**Work instruction**
Beginning with the line containing "Red Wine Book" and ending with the line containing "Los Angeles Rams", write out each line of the records below exactly; pictures and lines outside that range are left out.
[Dataset records Boundary: Start]
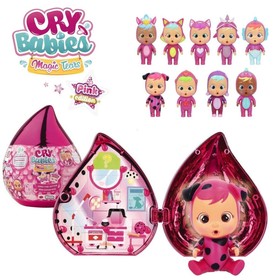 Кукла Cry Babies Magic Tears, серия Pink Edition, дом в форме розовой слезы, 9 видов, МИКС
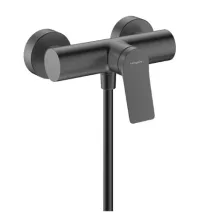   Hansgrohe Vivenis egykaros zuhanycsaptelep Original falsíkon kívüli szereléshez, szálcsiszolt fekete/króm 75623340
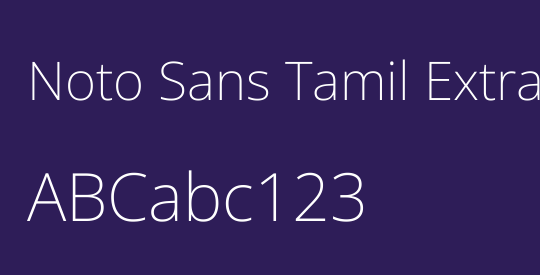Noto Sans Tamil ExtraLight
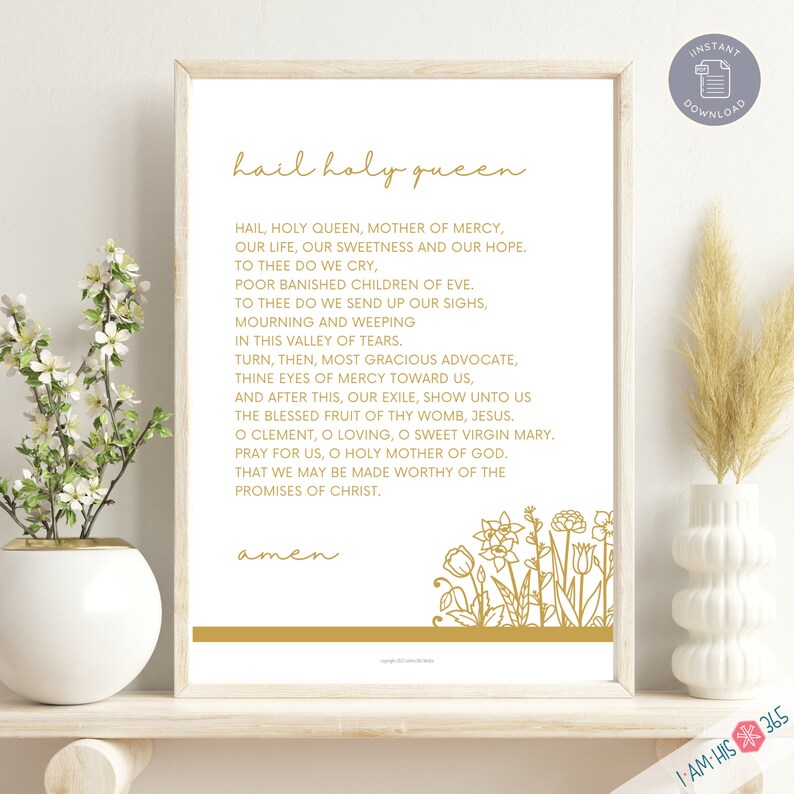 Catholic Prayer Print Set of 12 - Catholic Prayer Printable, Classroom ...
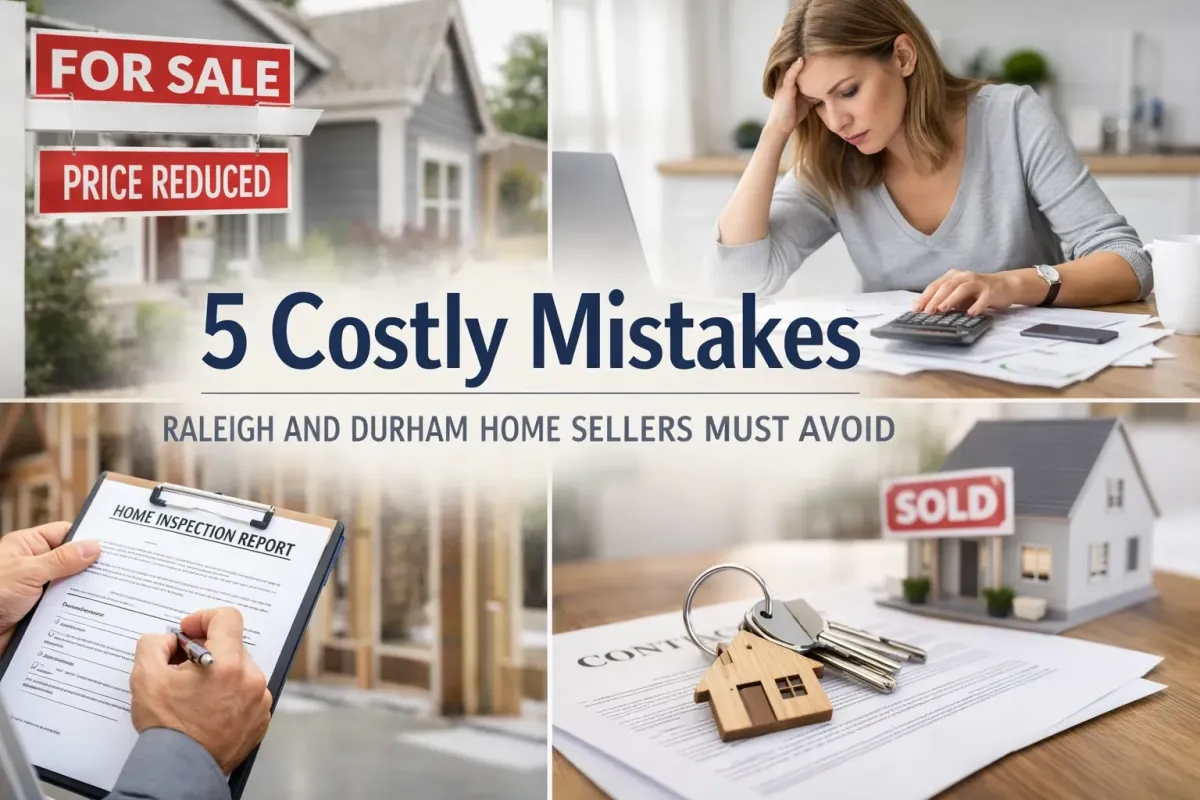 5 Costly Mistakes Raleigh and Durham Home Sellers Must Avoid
[Dataset records Boundary: End]
[Dataset records Boundary: Start]
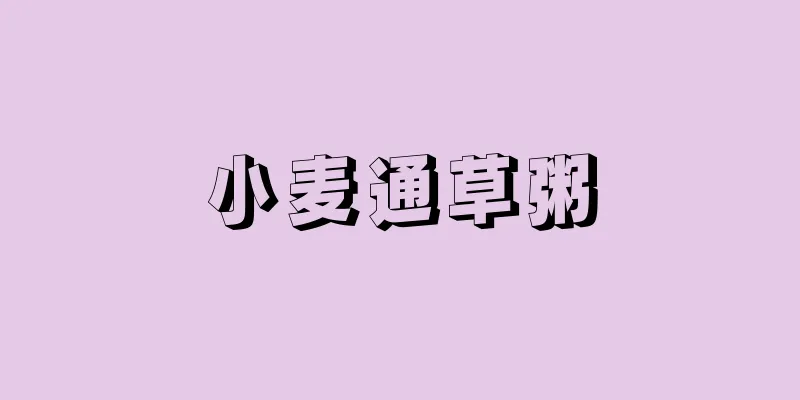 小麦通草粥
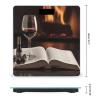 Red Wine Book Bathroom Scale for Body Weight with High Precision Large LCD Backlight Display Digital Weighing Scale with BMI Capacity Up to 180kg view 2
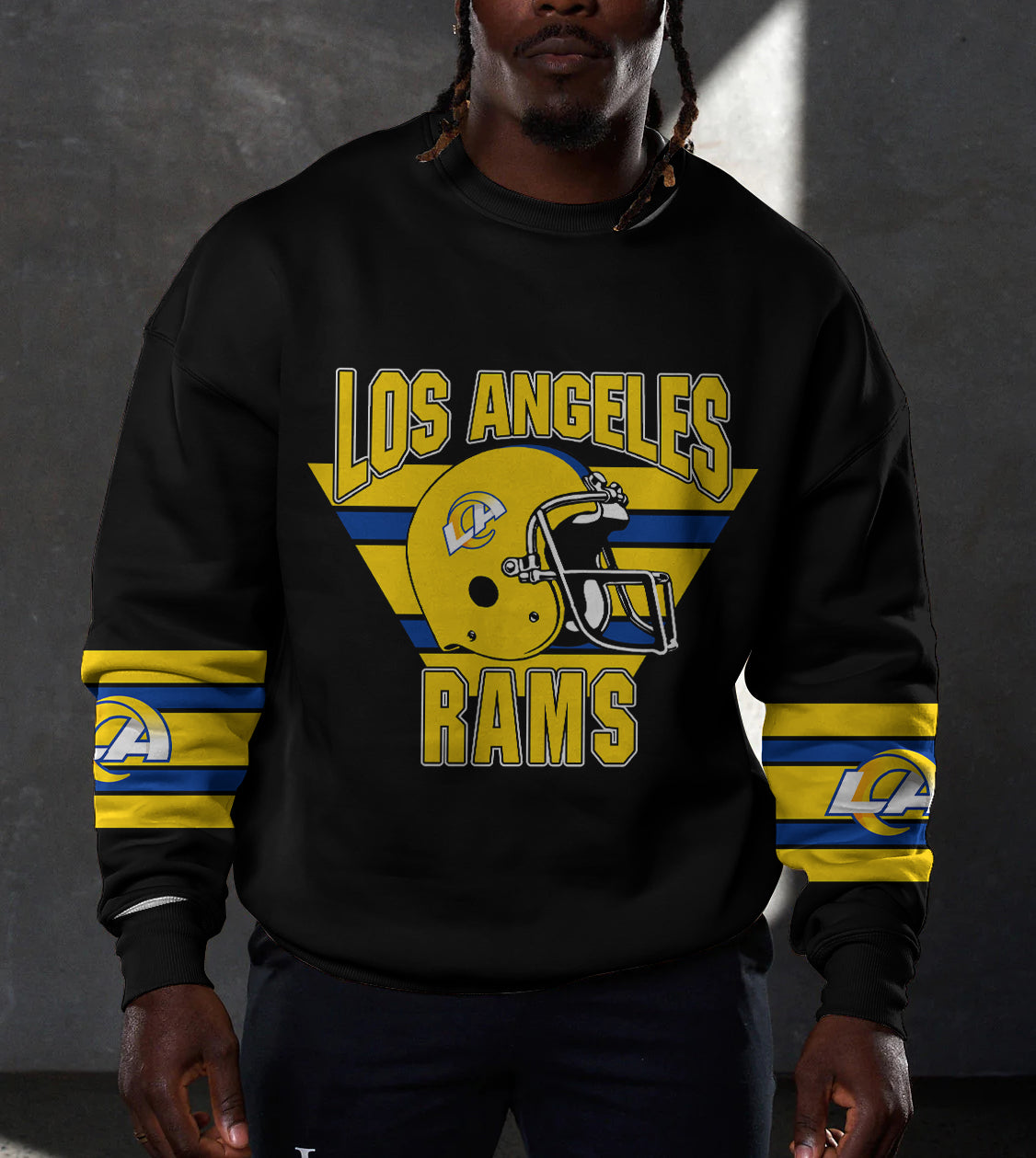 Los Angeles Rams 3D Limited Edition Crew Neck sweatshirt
[Dataset records Boundary: End]
**Answer section**
 Red Wine Book Bathroom Scale for Body Weight with High Precision Large LCD Backlight Display Digital Weighing Scale with BMI Capacity Up to 180kg view 2
 Los Angeles Rams 3D Limited Edition Crew Neck sweatshirt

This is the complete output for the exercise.